Katherine Johnson was born in 1918, in White Sulphur Springs, West Virginia and was interested in numbers and mathematics right from the start. In her hometown however, school for African-American children stopped at the eighth grade, so her father moved the family 120 miles to Institute, West Virginia, where his children could pursue a higher education. He placed his family in rented accommodation while he traveled back and forth between White Sulphur Springs and Institute for his job. He did this for eight years while all of his children completed their education. Katherine graduated high school at the age of 14 and from West Virginia State College at 18.
Katherine worked at NACA (which later became NASA) for three decades and her accomplishments included calculating the trajectories for Alan Shepard’s 1961 spaceflight, making him America’s first human in space and John Glenn’s first American orbit of Earth. Most importantly, she not only calculated the trajectory of the Apollo 11 journey to the moon but also worked on the plan that brought back the crew of Apollo 13, safely back to Earth. She was awarded the Presidential Medal of Freedom in 2015 by President Barak Obama.
Mary Jackson graduated with dual degrees in mathematics and physical sciences and was hired to work at Langley in 1951. She worked as a human computer for several years, subsequently working for senior aeronautical research engineer Kazimierz Czarnecki, who encouraged her to become an engineer. This meant that she needed to take after-work courses at the segregated Hampton High School. She petitioned the City of Hampton and won the right to study next to her white peers. She graduated and was became NASA’s first African-American female engineer in 1958 — a title she held alone for pretty much all of her career. In June 2020, NASA Administrator Jim Bridenstine announced that the agency’s headquarters building in Washington, D.C., will be named after Mary W. Jackson, the first African American female engineer at NASA.

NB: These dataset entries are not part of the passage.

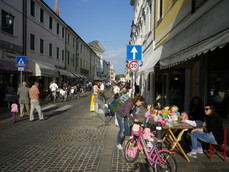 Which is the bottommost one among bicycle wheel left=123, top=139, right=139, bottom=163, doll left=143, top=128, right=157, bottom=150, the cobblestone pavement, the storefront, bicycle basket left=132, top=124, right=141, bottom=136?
the cobblestone pavement

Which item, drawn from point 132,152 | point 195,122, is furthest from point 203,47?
point 132,152

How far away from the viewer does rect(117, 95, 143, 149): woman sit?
519cm

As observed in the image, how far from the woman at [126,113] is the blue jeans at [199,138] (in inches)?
63.1

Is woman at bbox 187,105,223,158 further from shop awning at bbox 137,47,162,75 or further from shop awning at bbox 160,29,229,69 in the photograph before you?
shop awning at bbox 137,47,162,75

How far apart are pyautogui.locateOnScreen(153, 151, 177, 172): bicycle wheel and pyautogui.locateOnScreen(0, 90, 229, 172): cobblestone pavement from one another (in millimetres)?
478

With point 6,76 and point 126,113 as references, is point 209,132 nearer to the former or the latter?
point 126,113

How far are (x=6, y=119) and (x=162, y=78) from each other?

Dorothy Vaughn was a mathematician and became NACA’s first black supervisor in 1948. She worked for NASA for 28 years and specialized in flight paths and subsequently learned FORTRAN computer programming and taught it to her co-workers. She contributed to the space programme by working on the Scout Launch Vehicle Programme (launch vehicles designed to place small satellites into orbit around the Earth).
The precise calculations these women(and the other human computers) made, contributed much more however. They sent Voyager to explore the solar system (which it is still doing after over 40 years) and wrote the C and C++ programmes that launched the first Mars rover.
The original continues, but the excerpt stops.